OK, I’m already on Twitter (@davidclover) so lets start there. I joined Twitter initially to explore and test it’s use and application – and have since found it to be a useful part of my on going networking and prefessional development. Twitter allows a quick overview of conferences I don’t go to, reports and other writing I should read, and ideas about projects and developments I should keep up to date with. It doesn’t make reading up on these any quicker but is a useful means of discovering stuff.

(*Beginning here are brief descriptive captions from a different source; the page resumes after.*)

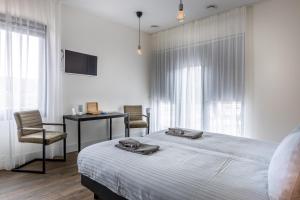 1 dormitorio con 1 cama, mesa y sillas en Singel 9 en Domburg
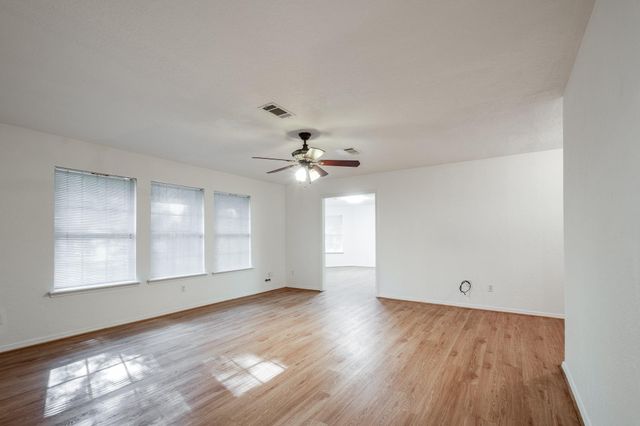27 County Road 3371, Cleveland, TX 77327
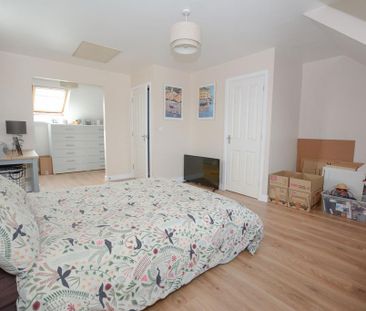 4 bedroom semi-detached house to rent - Photo 6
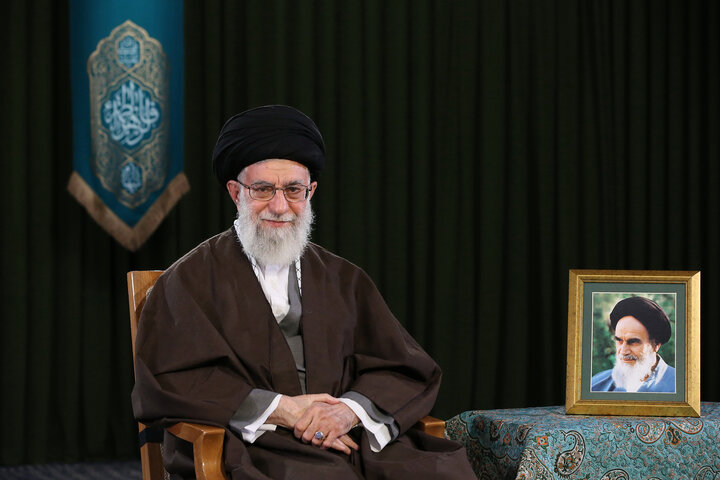 شهید آیت‌الله العظمی حسینی‌ خامنه‌ای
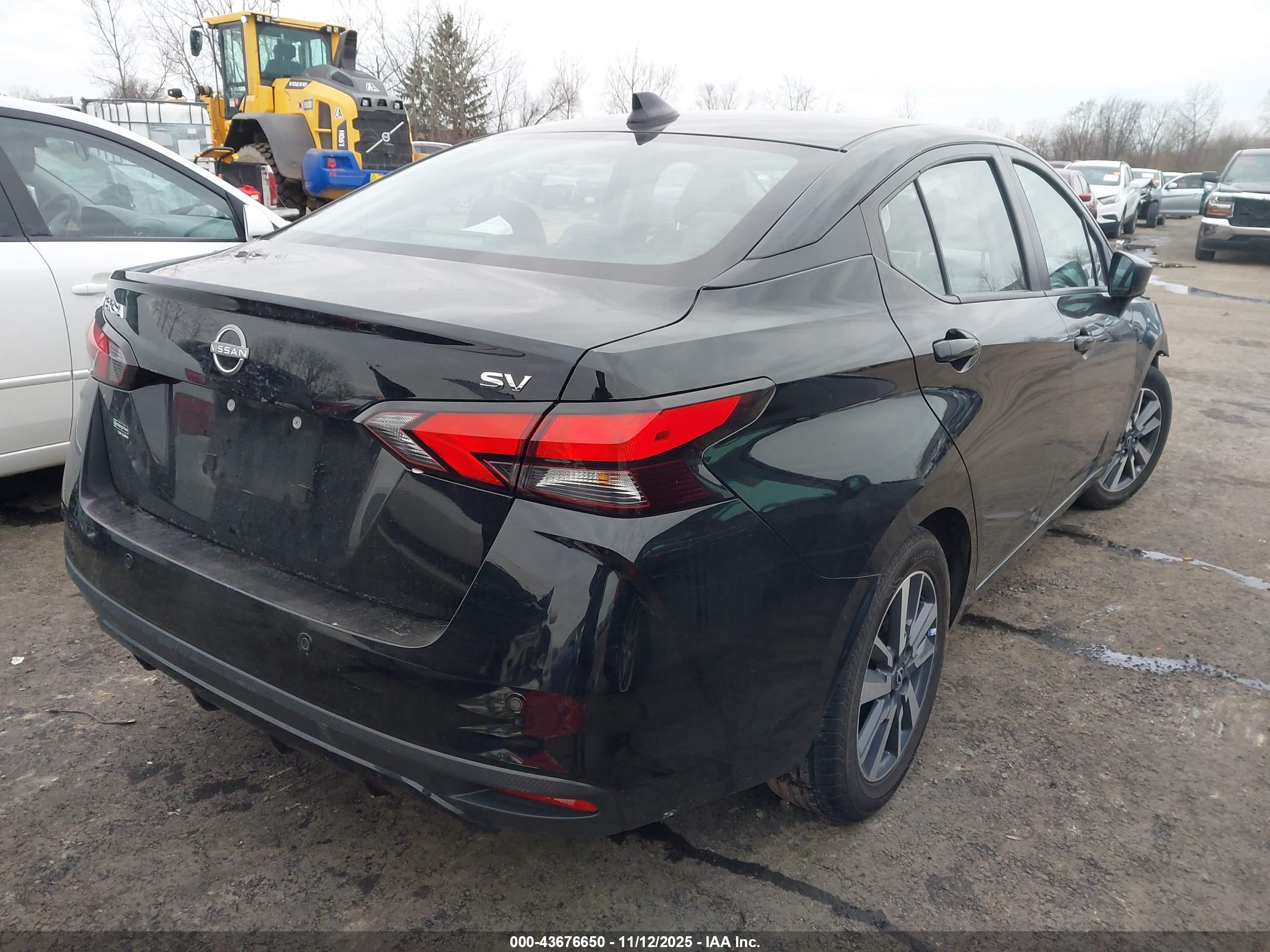 NISSAN VERSA image 4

I’ve now got two twitter accounts – keeping my original account for professional stuff and my new one for more personal use. That evolved partially from wanting to cut down what I read but also a desire to keep the two identities partially separate. It’s not to say I won’t tell the librarians I’ve made a loaf of bread – but if you see Dan Lepard saying how good it looks you’re following the other account!

I’ve used RSS feed largely through my email account in the past – and have found it a useful way to keep ahead of a few feeds where I do want to check each entry (even if I delete most). I’ve created a Google Reader feed for other general library blogs, where I want to keep in touch with others but don’t feel the need to read everything one them. And I’ll see how that goes. My wariness is about yet another thing to check.

Storify (well aside from the fact it revealed an incompatibility with my work browser) didn’t seem as useful right now. But I may come back to it if a need reveals itself.